The O'Kaysions singles chronology
|  | "Girl Watcher" (1968) | "Love Machine" (1968) |

= Girl Watcher =

"Girl Watcher" is a song written by Ronald B. Killette and Wayne Pittman and performed by The O'Kaysions. It was produced by North State Music. The single was first released in March 1968 on North State Records, but it did not become a hit until re-released in June 1968 on ABC Records.

"Girl Watcher" received gold record status for a million sales from the R.I.A.A. in December 1968.

==Chart performance==
It reached No.5 on the Billboard Hot 100 and #6 on the Billboard Hot Rhythm & Blues Singles chart in 1968 and was featured on the group's 1968 album, Girl Watcher.
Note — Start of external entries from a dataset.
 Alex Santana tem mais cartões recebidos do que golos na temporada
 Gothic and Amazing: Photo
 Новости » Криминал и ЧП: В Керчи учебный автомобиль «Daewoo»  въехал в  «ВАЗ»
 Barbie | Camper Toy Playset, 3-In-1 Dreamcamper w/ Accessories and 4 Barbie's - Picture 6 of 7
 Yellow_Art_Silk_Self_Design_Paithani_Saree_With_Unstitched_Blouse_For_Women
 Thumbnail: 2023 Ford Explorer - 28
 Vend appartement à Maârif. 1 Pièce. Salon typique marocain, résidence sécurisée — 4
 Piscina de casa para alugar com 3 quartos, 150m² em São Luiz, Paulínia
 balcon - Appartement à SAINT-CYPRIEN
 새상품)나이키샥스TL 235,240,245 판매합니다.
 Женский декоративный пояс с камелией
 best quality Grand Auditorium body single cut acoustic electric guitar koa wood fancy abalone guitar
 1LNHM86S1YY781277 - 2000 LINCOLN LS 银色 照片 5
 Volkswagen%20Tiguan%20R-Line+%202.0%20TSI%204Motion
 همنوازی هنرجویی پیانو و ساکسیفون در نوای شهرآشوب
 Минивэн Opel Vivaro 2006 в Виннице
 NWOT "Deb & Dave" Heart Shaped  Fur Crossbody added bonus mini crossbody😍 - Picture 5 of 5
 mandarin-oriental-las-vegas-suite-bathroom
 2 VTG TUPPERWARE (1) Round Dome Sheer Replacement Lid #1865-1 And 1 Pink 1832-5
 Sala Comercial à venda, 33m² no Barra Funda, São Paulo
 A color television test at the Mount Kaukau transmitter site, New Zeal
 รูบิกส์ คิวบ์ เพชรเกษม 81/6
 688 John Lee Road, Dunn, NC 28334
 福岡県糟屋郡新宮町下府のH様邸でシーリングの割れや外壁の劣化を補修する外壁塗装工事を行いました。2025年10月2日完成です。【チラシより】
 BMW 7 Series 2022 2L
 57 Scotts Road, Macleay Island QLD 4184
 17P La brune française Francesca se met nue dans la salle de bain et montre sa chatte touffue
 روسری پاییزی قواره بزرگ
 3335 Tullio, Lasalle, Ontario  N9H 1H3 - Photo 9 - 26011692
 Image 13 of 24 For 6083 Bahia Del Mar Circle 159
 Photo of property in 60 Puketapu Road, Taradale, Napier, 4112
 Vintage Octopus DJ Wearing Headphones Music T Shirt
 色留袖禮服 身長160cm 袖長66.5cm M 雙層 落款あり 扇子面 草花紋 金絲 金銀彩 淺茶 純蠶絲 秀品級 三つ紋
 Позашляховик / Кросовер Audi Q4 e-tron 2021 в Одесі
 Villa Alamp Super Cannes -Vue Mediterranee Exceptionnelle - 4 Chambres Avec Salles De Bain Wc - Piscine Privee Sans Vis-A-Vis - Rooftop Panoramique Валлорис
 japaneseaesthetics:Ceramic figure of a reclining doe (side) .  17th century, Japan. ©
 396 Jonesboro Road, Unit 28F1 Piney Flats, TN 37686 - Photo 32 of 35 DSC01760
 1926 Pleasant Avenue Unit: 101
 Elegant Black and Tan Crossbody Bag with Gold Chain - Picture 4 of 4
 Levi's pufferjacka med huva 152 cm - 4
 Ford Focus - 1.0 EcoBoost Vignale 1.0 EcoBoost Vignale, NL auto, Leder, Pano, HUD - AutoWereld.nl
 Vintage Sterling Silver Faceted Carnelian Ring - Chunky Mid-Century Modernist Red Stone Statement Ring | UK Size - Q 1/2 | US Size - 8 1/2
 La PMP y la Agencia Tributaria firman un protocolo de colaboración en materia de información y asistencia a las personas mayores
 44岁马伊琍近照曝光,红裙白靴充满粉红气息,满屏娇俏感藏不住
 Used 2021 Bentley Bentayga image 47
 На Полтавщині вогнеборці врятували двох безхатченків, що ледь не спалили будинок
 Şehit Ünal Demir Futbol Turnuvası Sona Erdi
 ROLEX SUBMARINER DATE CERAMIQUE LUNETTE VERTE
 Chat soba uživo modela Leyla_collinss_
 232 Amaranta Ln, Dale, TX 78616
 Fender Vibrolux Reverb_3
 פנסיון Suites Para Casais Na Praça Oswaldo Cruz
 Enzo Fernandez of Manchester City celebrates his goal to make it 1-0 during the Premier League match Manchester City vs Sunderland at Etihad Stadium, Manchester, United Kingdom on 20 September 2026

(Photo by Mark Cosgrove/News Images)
The single ranked No.45 on the Billboard Year-End Hot 100 singles of 1968.
==Certifications==

Certifications for "Girl Watcher"
| Region | Certification | Certified units/sales |
| United States (RIAA) | Gold | 1,000,000^{^} |
^{^} Shipments figures based on certification alone.

==Other versions==
- Tam White, as a single in 1968 in the UK.
- In the '80s, the long-running syndicated game show Wheel of Fortune commissioned a promotional version with adapted lyrics titled "I'm a Wheel Watcher" and was also used on the show itself when Vanna White was introduced. The Italian version titled La Ruota Della Fortuna ("The Wheel of Fortune") has a theme song called "Gira la Ruota" ("Spin the Wheel") that sounds very similar to "I'm a Wheel Watcher", which could've been the inspiration for it was used from 1995 until 2009.
- Spontaneous Combustion, on their 2004 album Strike Anywhere.
- Beau Jocque and the Zydeco Hi-Rollers, with the title "I'm a Girl Watcher", on the 1999 album Zydeco Giant.
- In the Nickelodeon show Zoey 101 episode "Dance Contest", the song is remade to "I'm a Contender" by Scott Bennett in 2007.